ドル円為替が1ドル=144円をつけ、約四半世紀ぶりの円安水準ということで世間を騒がせています。今年春に130円台をつけた際は、円安がブランド古物相場にプラスに働いていないとお伝えしました。それから10円以上も円安に振れた今、ニュース等ではブランド買取相場が上がっている等と報じられていますが、実際はどうでしょうか。

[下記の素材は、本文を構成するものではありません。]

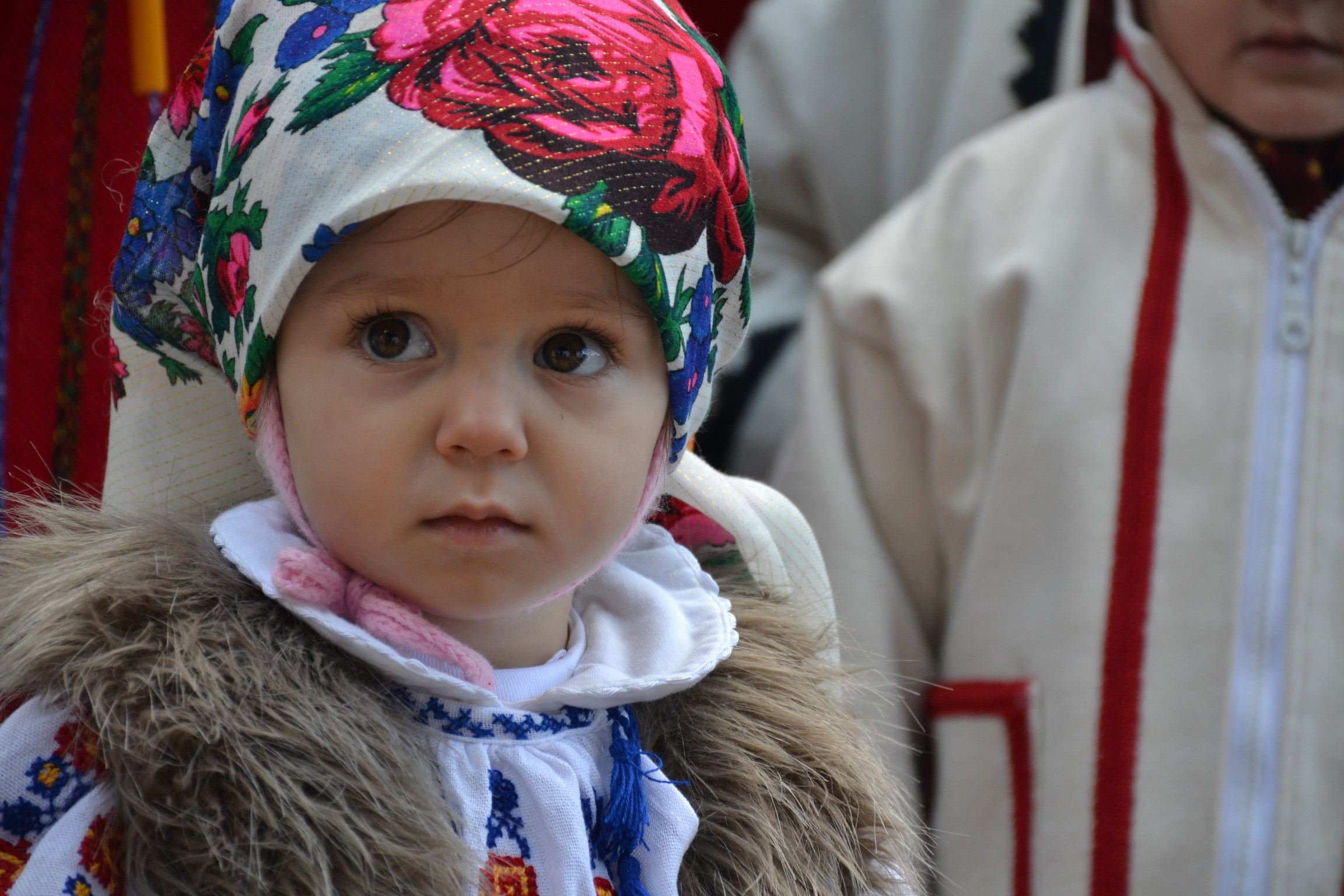 Sfințire de biserică la Piatra Șoimului, după 16 ani de lucrări Sfințire de biserică la Piatra Șoimului, după 16 ani de lucrări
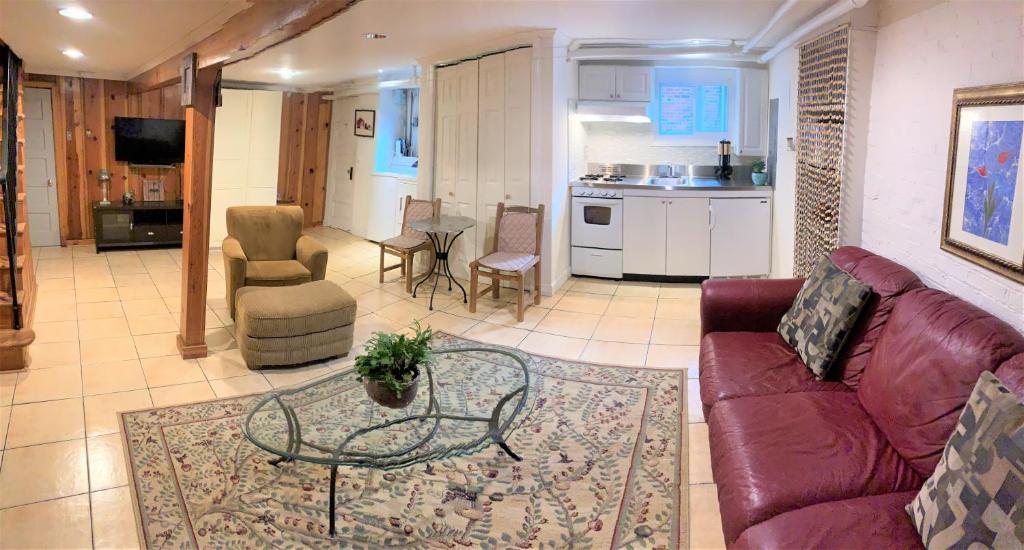 ein Wohnzimmer mit einem Sofa und einem Tisch in der Unterkunft First Floor One Bedroom Apartment with Full Kitchen & Bath in Washington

結論からいうと、状況は春先とさほど変わらず、相場に大きな影響は出ていません。春先よりは反発していますが、小幅な回復です。これだけ円安になっても相場がさほど上がらないのはどういうことなのでしょうか。
消費低迷で上向かず、鍵はインバウンド
幾度か小欄でお伝えしましたが、年初までは国内のブランド古物、主に時計相場は過熱化の一途でした。背景には投機目的のお金が流れており、純粋な需要によるものだけではありませんでした。それがウクライナ侵攻を皮切りに情勢が一変、世界的な物価高となって相場が崩れ始めました。さらに、相場を下支えしていた中国・香港市場の鈍化も足かせに。また上海でのロックダウンでモノの流通が停滞したことも重なりました。年初まで続いていた過熱相場が崩れた大きな要因はこの2点です。